Peritoneopericardial diaphragmatic hernia is the most common congenital pericardial disease in dogs and cats. It results from abnormal development of the dorsolateral septum transversum or from failure of the lateral pleuroperitoneal folds and the ventromedial pars sternalis to unite. The result is herniation of abdominal viscera into the pericardial sac. The liver is the most commonly herniated organ, followed by the small intestine, spleen, and stomach.
Clinical signs are highly variable, with many animals remaining asymptomatic and the defect being discovered on postmortem examination. Thoracic radiographs can demonstrate enlargement of the cardiac silhouette (perceived as cardiomegaly), lack of a visible diaphragmatic border and small-intestinal loops or liver crossing the diaphragm into the pericardial sac.
The suspicion of peritoneopericardial diaphragmatic hernia is heightened when abdominal organs are seen adjacent to the heart on echocardiogram. A contrast radiographic examination using oral barium may also identify small-intestinal loops or stomach in the pericardial sac. CT can usually confirm the diagnosis before surgery. In animals with respiratory signs or signs relatable to organ entrapment, the hernia should be surgically reduced.
Cor triatriatum sinister and dexter result from a fibrous membrane dividing the left or right atrium, respectively.
Cor triatriatum sinister is a rare defect of cats. It occurs when the common pulmonary vein fails to regress normally; as a result, a fibrous membrane persists within the left atrium, dividing the left atrium into two subchambers. There are commonly one or more perforations in the separating membrane, allowing communication between the two portions of the atrium. The proximal, high-pressure subchamber receives pulmonary venous return, while the distal, low-pressure subchamber is adjacent to the mitral valve and contains the left auricular appendage. Affected cats can present in left heart failure, with pulmonary edema, pleural effusion, or both. Surgical resection and balloon dilation of the membrane using a surgical approach have been reported.
Cor triatriatum dexter is a rare defect mostly of dogs. It is caused by persistence of the right valve of the sinus venosus. The remaining fibrous membrane partitions the right atrium into two subchambers; the cranial vena cava and tricuspid valve are associated with the low-pressure subchamber (true right atrium), whereas the caudal vena cava and coronary sinus are typically associated with the high-pressure subchamber. The membrane may contain one or more perforations, or be imperforate. The degree of blood flow between the subchambers determines the severity of disease. Dogs with more severe septation often present with right heart failure (typically ascites). Surgical resection, transcatheter balloon dilation, and stenting of the membrane are treatment options. CHF should be medically managed before surgery.
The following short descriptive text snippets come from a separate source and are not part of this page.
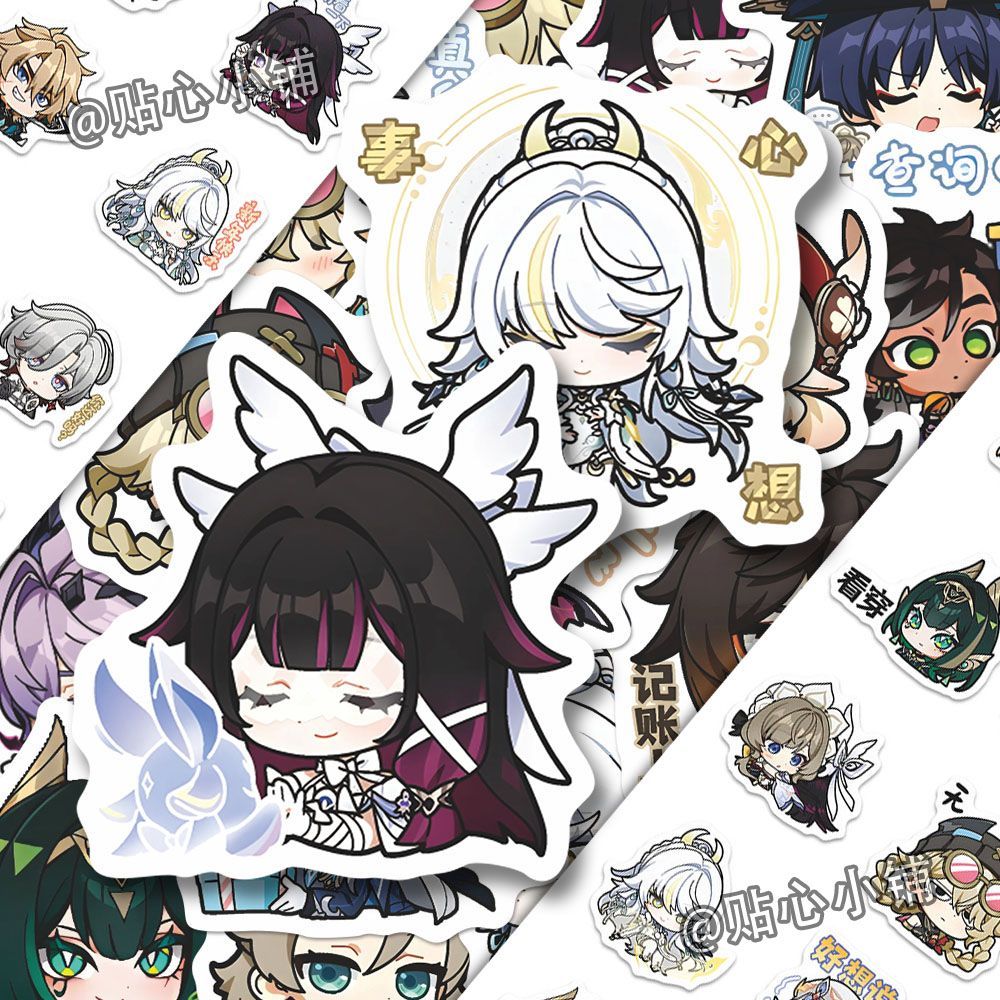 64PCS Genshin Impact Moon Maid - đánh giá và giá Laptop Accessories Aesthetic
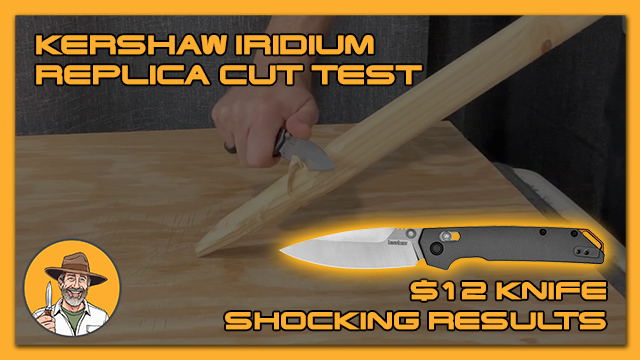 Kershaw Iridium Replica Cut Test: $12 Knife Shocking Results!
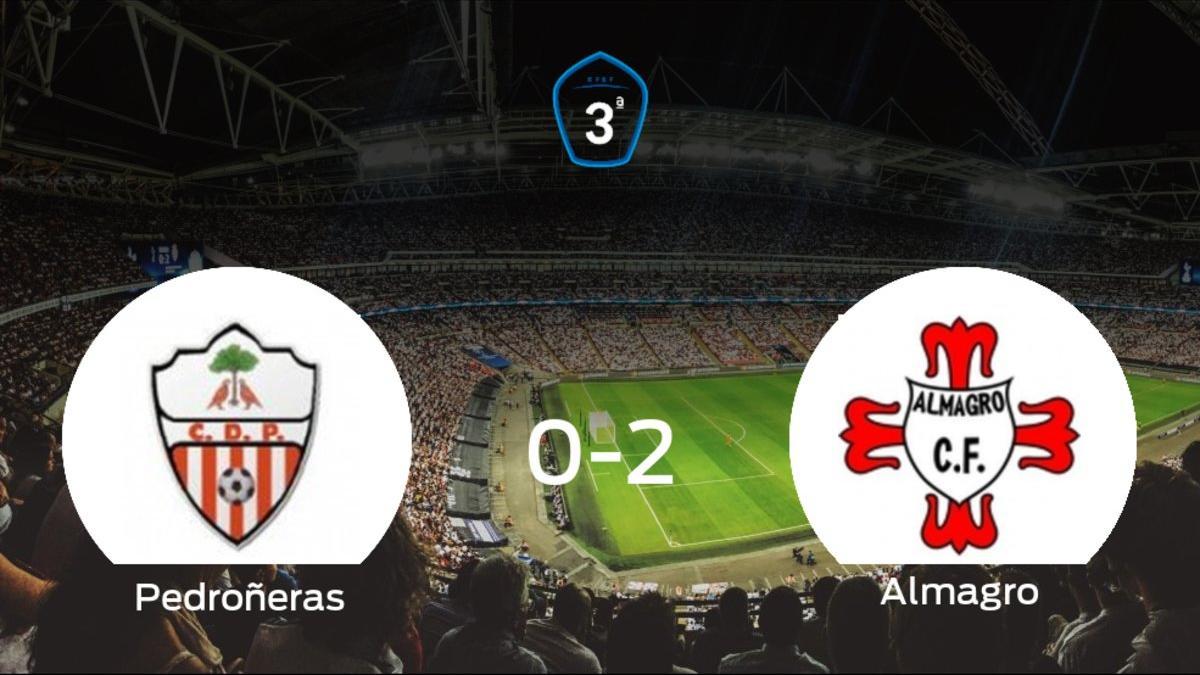 El Almagro suma tres puntos a su casillero frente al Pedroñeras (0-2)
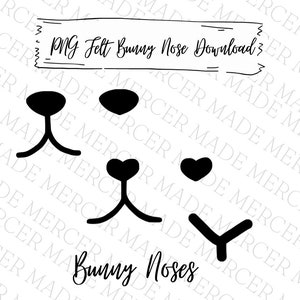 Bunny Nose-bundel viltdownload / amigurumi / vilten ogen / digitale download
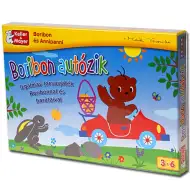 Boribon jeździ samochodem gra planszowa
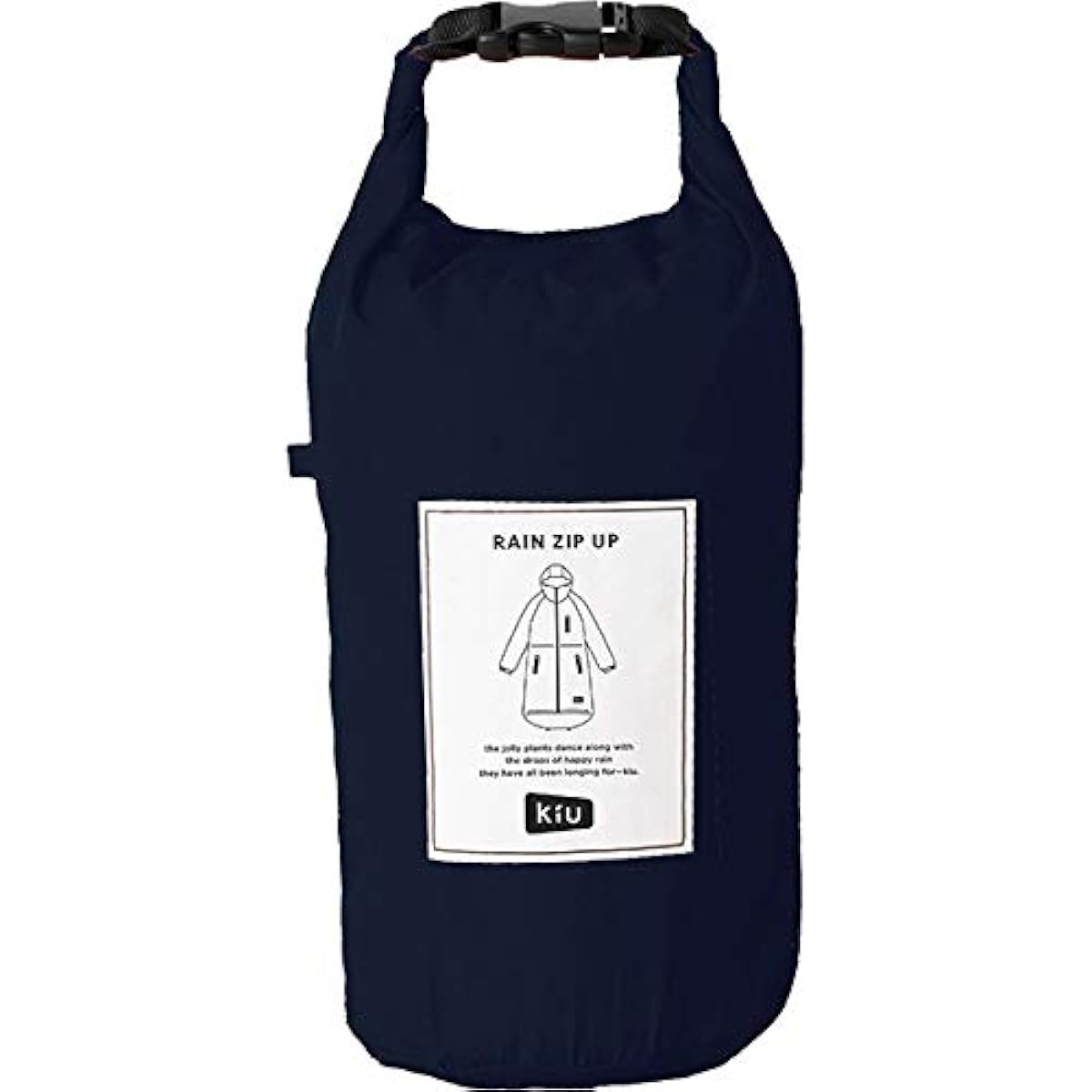 KiU Rain Zip Up K116-910 Rain Zip Up Navy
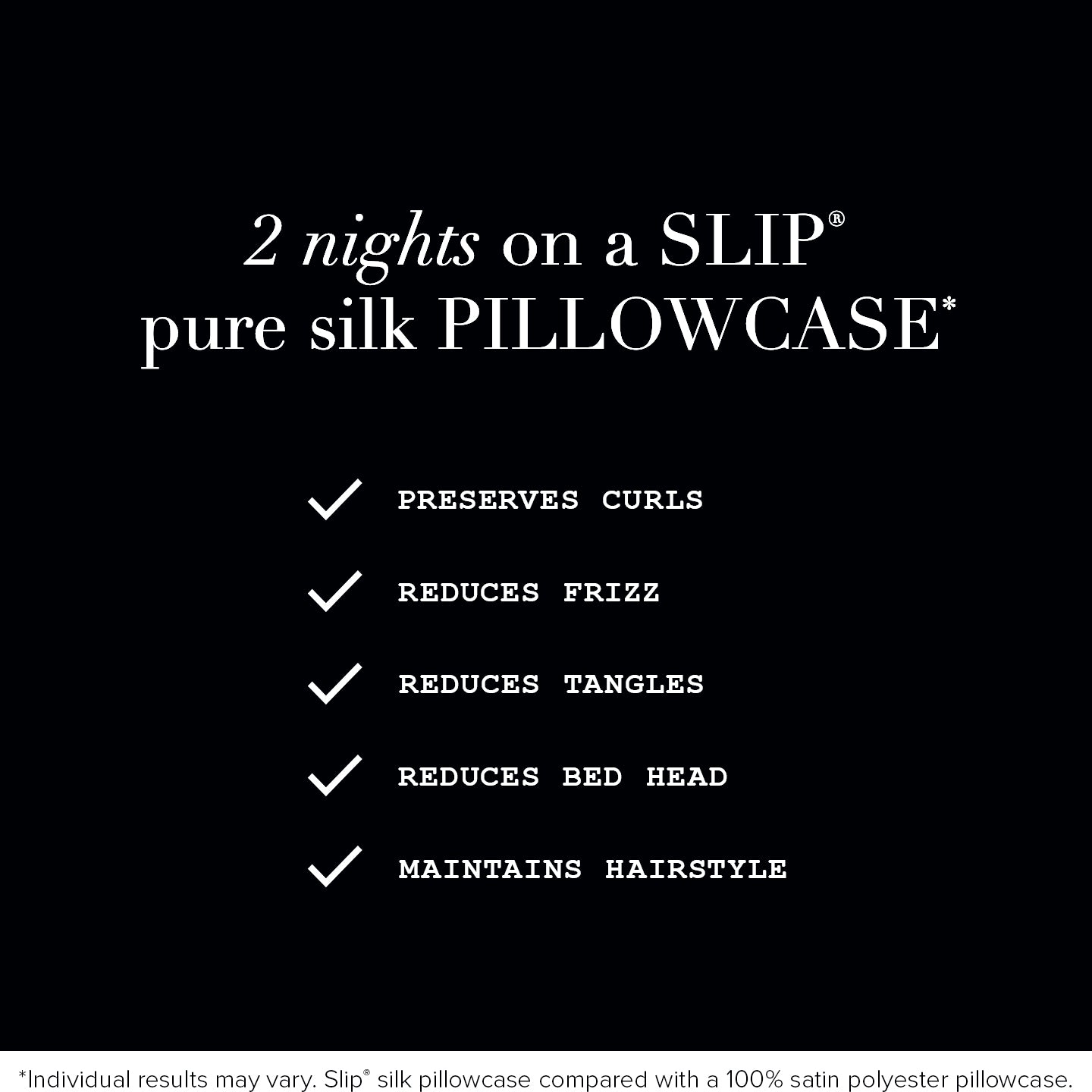 Benefits of silk top or satin pillowcase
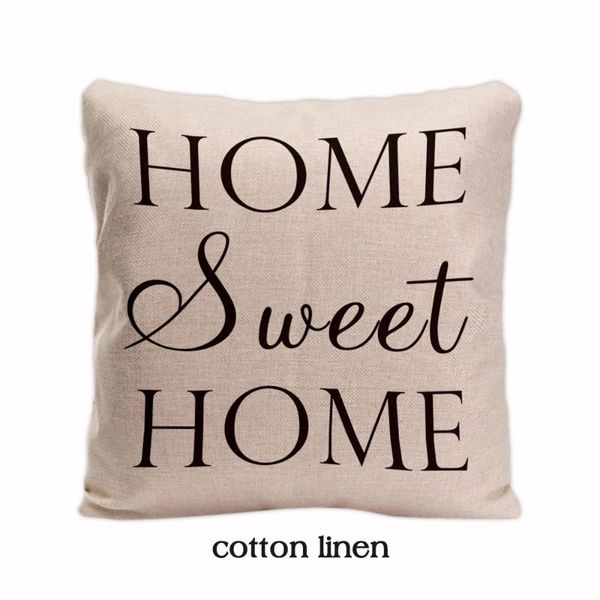 cushion/decorative pillow 2021 cushion cover home sweet case sofa bedroom decorative by lvsure store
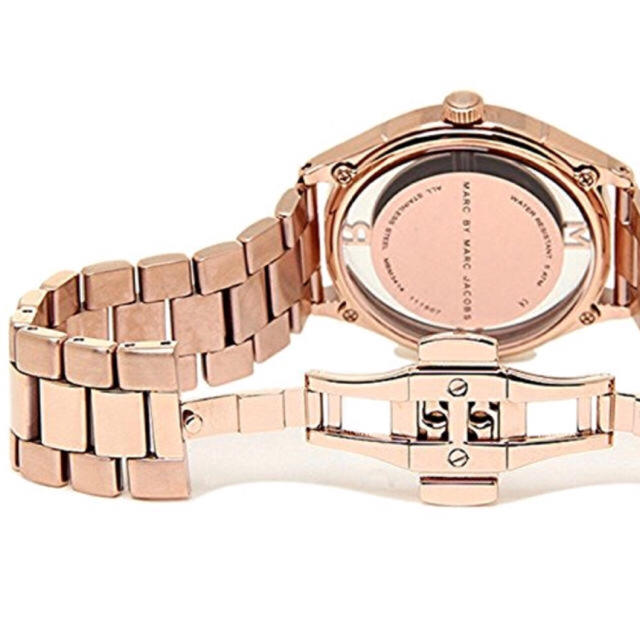 MARC BY MARC JACOBS(マークバイマークジェイコブス)のMARCBYMARCJACOBS 腕時計 ピンクゴールド レディースのファッション小物(腕時計)の商品写真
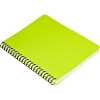 Бизнес-тетрадь А5,96л,кл,спир,пластик,тон.бл. Attache Bright colours Лайм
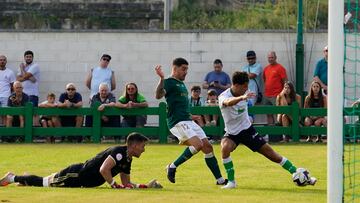 Marco Camus anotó el segundo gol, tras una buena jugada individual.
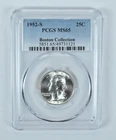 1952-S 25C Washington Quarter PCGS Mint State MS65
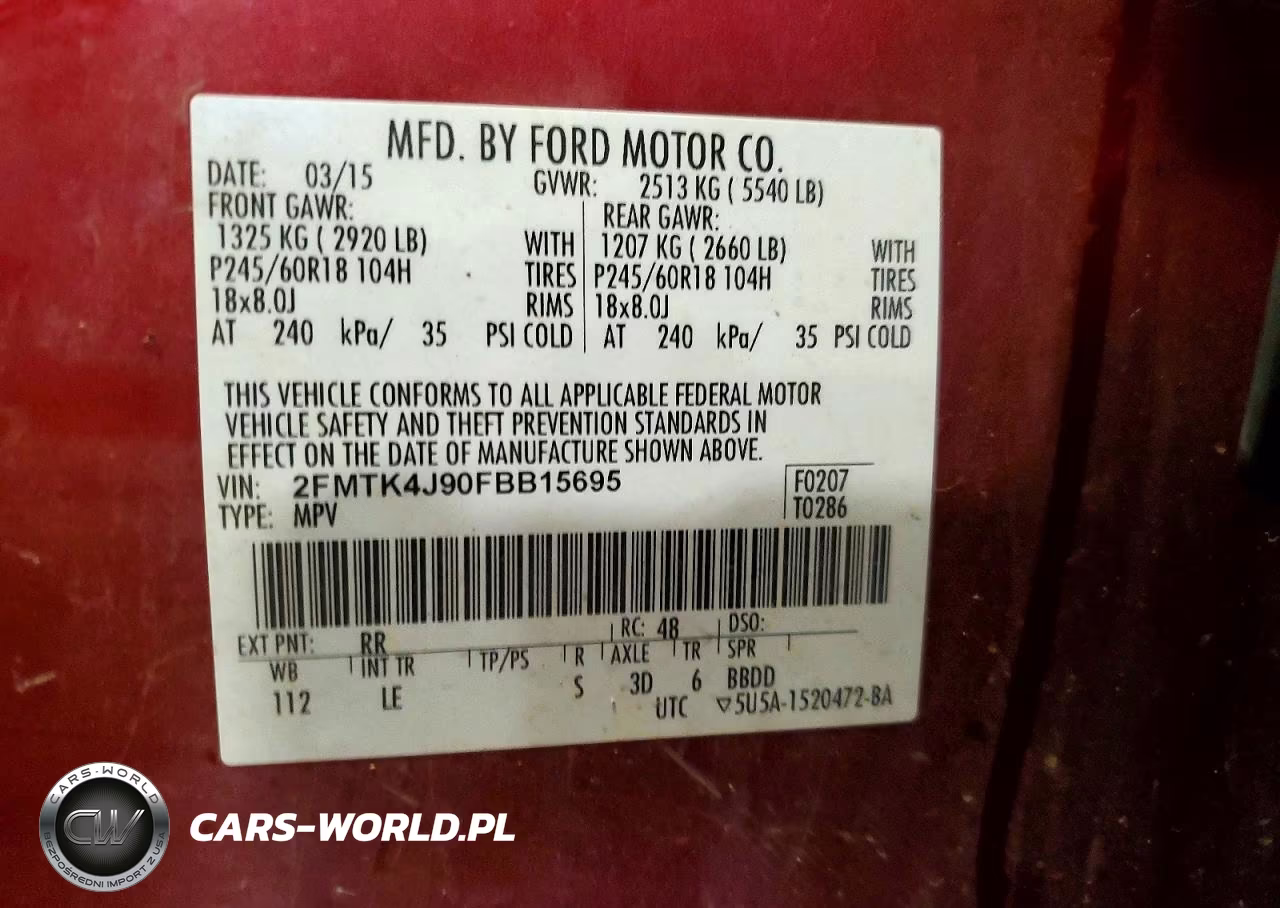 2015 Ford Edge Sel VIN:2FMTK4J90FBB15695 - 13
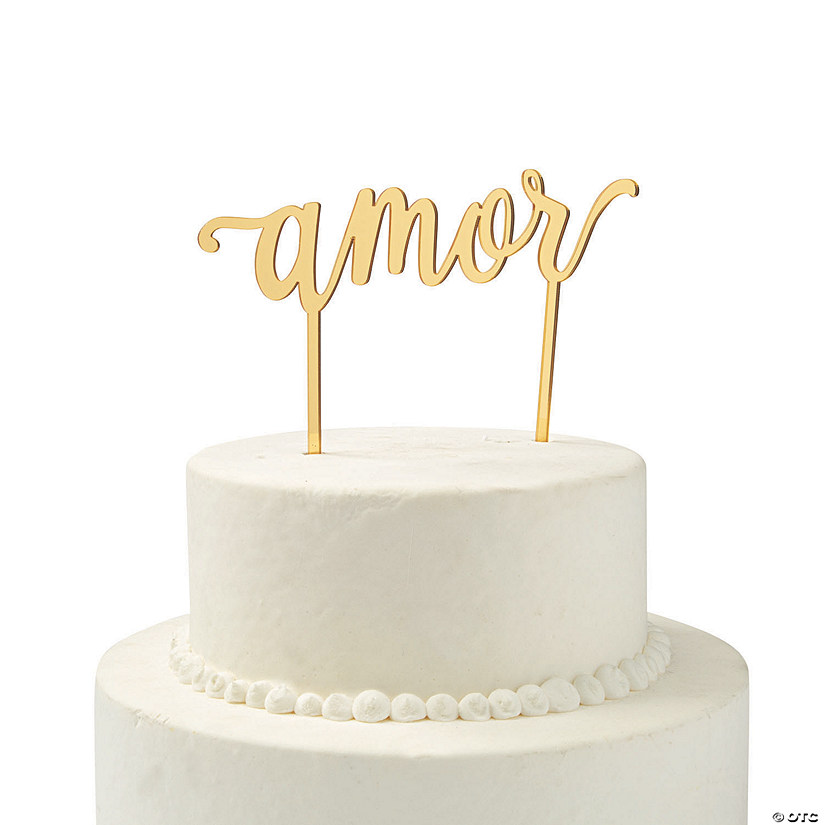 Amor Wedding Cake Topper Image
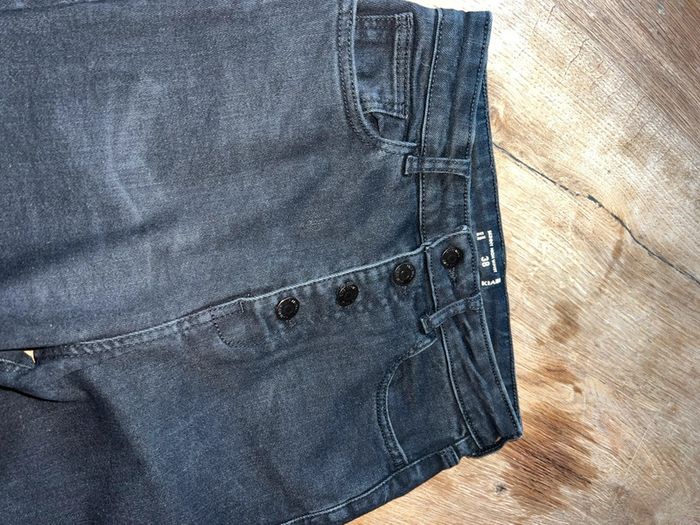 Jeans taille haute noir skinny Kiabi 38 🌸 - photo numéro 5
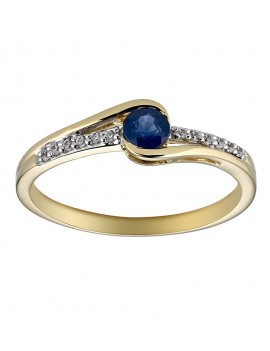 Bague Saphir Diamants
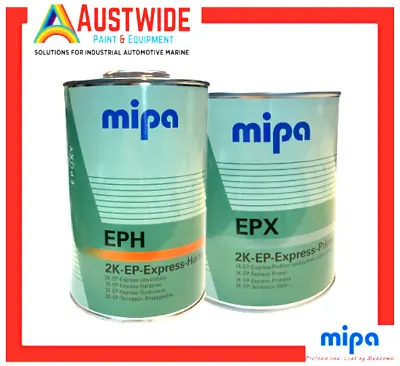Epoxy Primer Kit 2K HS Mipa EPX / EPH 1:1 Ratio  Automotive Paint 2 Litre Kit • $85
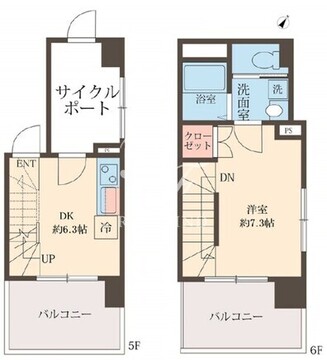スフィア日本橋富沢町 501 間取り図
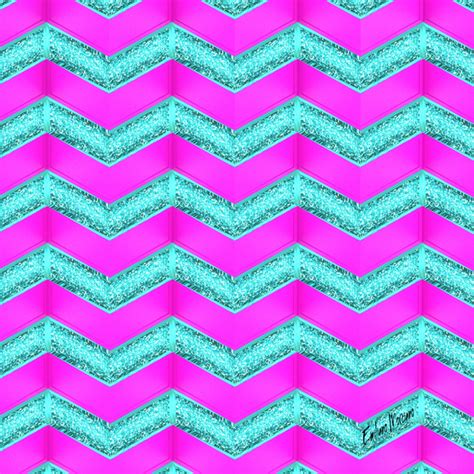 Free Download Glitter Chevron Wallpaper Pink Cyan Pictures 600x600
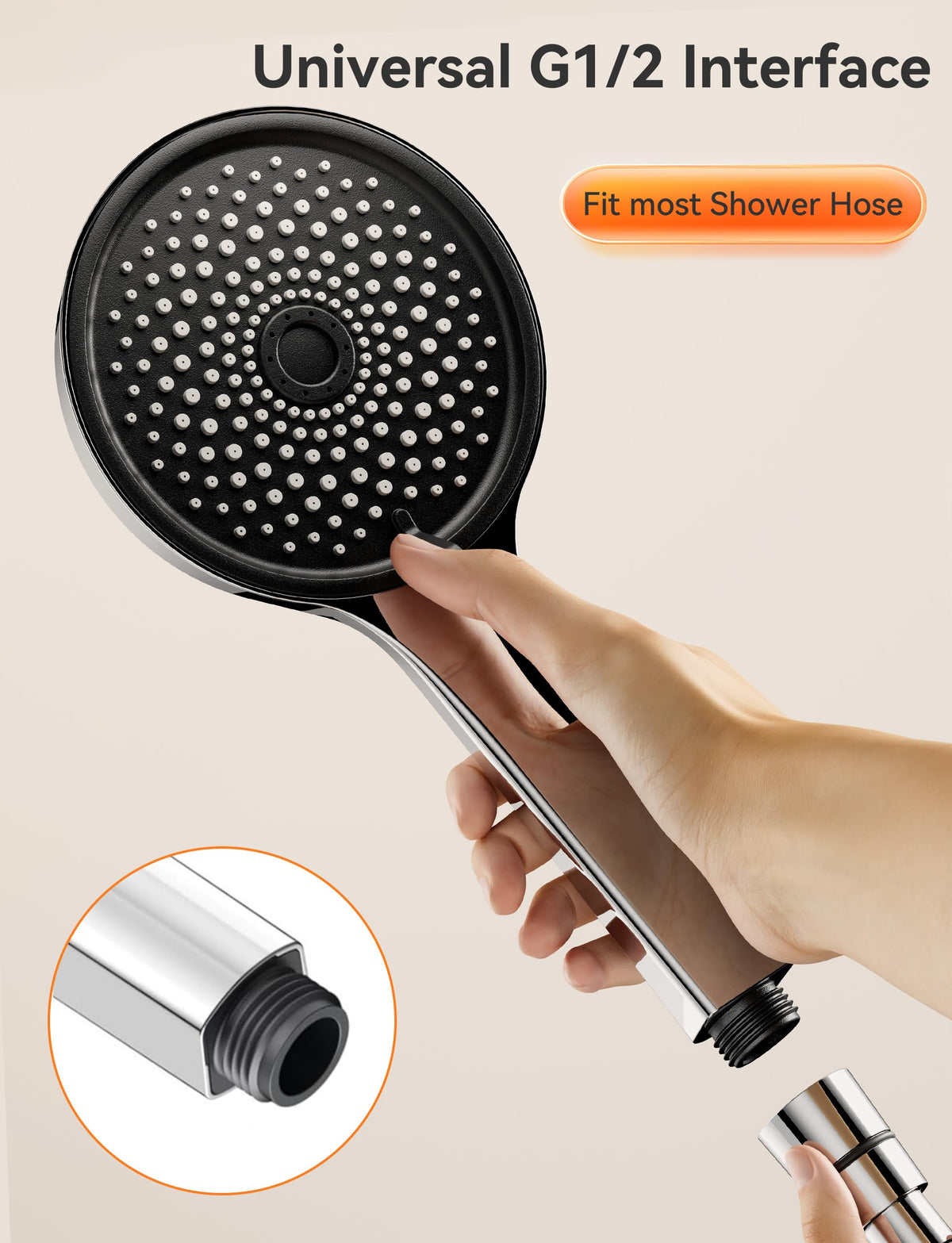 Magichome Shower Head, High Pressure Shower Head with 5 Spray Modes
Double chamber right ventricle is an uncommon defect in which an anomalous muscle bundle divides the right ventricle into two subchambers. The muscle bundle leads to obstruction of the right ventricular outflow tract, creating a high-pressure proximal subchamber (receiving inflow through the tricuspid valve) and a low-pressure distal subchamber distal to the obstruction. Increased pressure in the proximal subchamber leads to right atrial dilatation and possible right heart failure. A systolic ejection murmur is often evident on auscultation. Definitive therapy requires open-heart surgery to resect the muscle bundles, which requires cardiopulmonary bypass. Balloon valvuloplasty has not proved to be a successful treatment option.
Anomalous pulmonary venous connection is a congenital abnormality in which varying numbers of pulmonary veins (from one to all) attach to the right atrium or a systemic vein.
Endocardial cushion defects (AV canal defects, persistent AV ostium, AV septal defects) involve abnormalities of endocardial cushion development and can produce septum primum defects, AV valve abnormalities, and ventricular septal defects.
Dextrocardia, positioning of the heart in the right hemithorax, can be seen as a congenital cardiac defect and by itself is typically benign. It can also be seen in combination with situs inversus (reversed or mirror-image orientation of the internal organs). The combination has been associated with ciliary dyskinesis (Kartagener syndrome) and clinical signs related to abnormal mucociliary clearance (eg, respiratory infection, infertility).